A potential challenger to Mayor Adams in the 2025 election, Reynoso has instead issued a “Comprehensive Plan for Brooklyn,” which he calls a “direct response to our city’s failure to plan…Because in New York City, we zone but we do not plan.” However, his 200-plus-page document doesn’t create any pathways to building the housing New York needs—it just offers another cumbersome, arbitrary set of guidelines for businesses and developers to navigate in place of zoning.
The “City of Yes” proposal, which has been characterized as a “repudiation of much of the zoning enacted in the City Planning Commission’s 85-year history,” does not win Reynoso’s applause because it is a repudiation of the culture of naysaying that has plagued New York. To which Jerry Seinfeld might respond:
“Are .. You .. Kidding .. Me?!”
I’ve argued that cities need to take a page from improvisational comedy and cultivate a “Yes, And” approach to solving their problems. For a city to say “Yes” to people “And” to housing “And” to the future is to implicitly say “No” to the so-called “urban doom loop” prophesied to destroy our once-great metropolises.

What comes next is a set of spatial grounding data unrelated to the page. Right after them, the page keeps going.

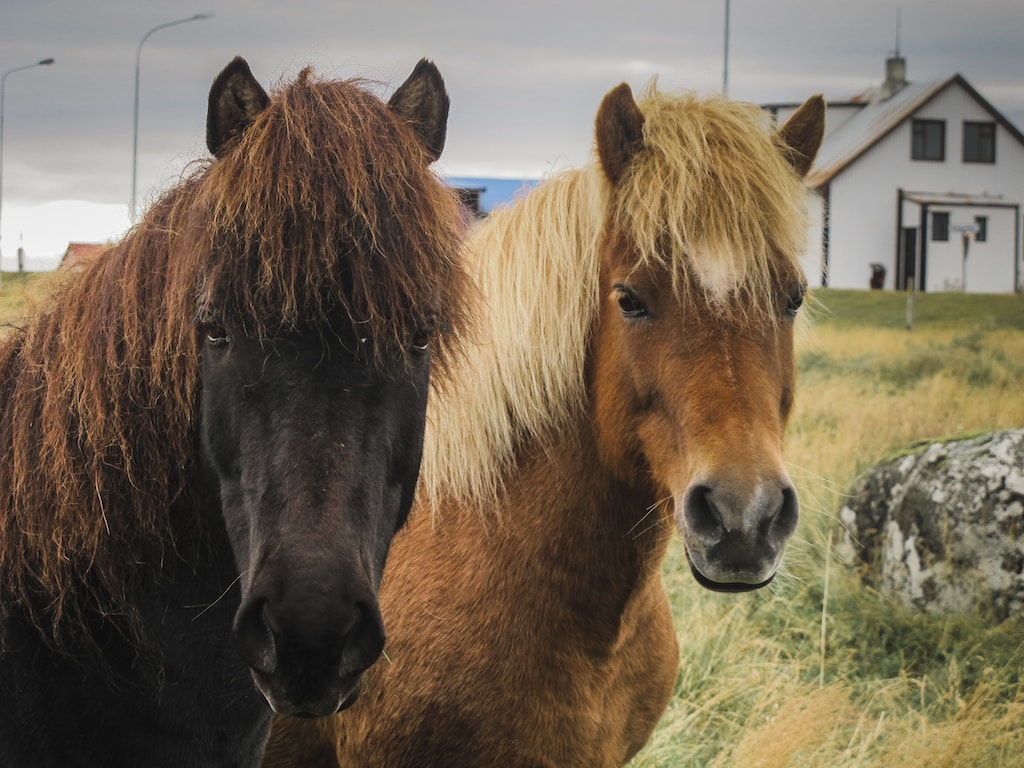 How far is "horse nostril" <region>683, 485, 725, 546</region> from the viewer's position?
269cm

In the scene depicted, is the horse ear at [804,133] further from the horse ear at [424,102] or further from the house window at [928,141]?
the house window at [928,141]

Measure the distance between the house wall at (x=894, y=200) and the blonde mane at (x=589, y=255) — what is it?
1239 inches

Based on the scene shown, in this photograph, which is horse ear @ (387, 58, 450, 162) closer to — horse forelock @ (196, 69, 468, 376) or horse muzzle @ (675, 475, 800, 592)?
horse forelock @ (196, 69, 468, 376)

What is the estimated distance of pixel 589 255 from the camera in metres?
3.21

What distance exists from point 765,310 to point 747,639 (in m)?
3.37

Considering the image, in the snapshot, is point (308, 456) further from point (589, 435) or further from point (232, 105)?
point (589, 435)

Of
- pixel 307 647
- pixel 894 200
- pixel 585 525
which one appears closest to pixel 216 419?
pixel 307 647

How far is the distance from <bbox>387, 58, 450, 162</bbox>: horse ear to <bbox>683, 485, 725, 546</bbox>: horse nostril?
111 centimetres

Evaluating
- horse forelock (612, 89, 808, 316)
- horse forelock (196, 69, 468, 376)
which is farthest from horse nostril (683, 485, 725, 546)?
horse forelock (196, 69, 468, 376)

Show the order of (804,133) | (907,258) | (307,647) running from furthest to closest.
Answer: (907,258), (804,133), (307,647)

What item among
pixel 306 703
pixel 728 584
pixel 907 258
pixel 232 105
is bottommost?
pixel 907 258

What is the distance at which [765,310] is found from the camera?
2.99 m

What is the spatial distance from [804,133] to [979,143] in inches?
1393

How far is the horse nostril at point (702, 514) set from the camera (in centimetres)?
269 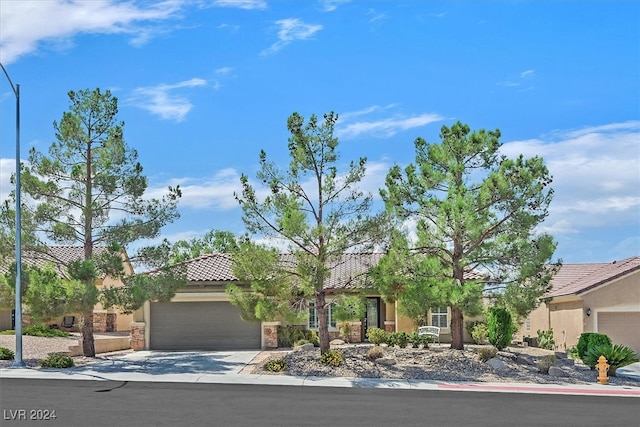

Mayor Adams’s “City of Yes” pithily captures not only the sense of optimism, openness, and agency needed to solve the real challenges New York faces, but also the conviction that they are both solvable and worth solving. If Borough President Reynoso thinks political will and boldness do not exist in New York, it’s because he is still living in The City of No.
The mayor’s proposals will not by themselves solve New York’s problems, but they represent a welcome and, dare I say, bold rejection of The City of No. It remains to be seen whether New Yorkers and their political leaders have the will to join him in saying “Yes.”
Which gets to the root of the present malaise: New York’s problems are not inherently a fact of nature; they’re largely man-made. The city has demonstrated not only a capacity to weather the worst man and nature have given it, but to bounce back and rebuild better than ever. New Yorkers can kick the urban doom loop malaise if they want to—but they’ll first need a change of mind.
Interesting post! Small correction: NYC subway ridership is currently at around 69% of its pre-pandemic level, which is much greater than the “75% below” pre-pandemic mentioned in the article. It’s about 30% below pre-pandemic, according the CITY source you referenced (https://projects.thecity.nyc/hows-new-york-city-doing/index.html).
The NYC housing courts are reaching death spiral levels. It takes years and thousands of dollars in atty fees to evict anyone. In Brooklyn, it's a 6 month wait just to get your *first* court hearing, which is just the beginning of the attrition war. Even administrative functions, like issuing the warrant after trial, are taking 5-6 months in Queens.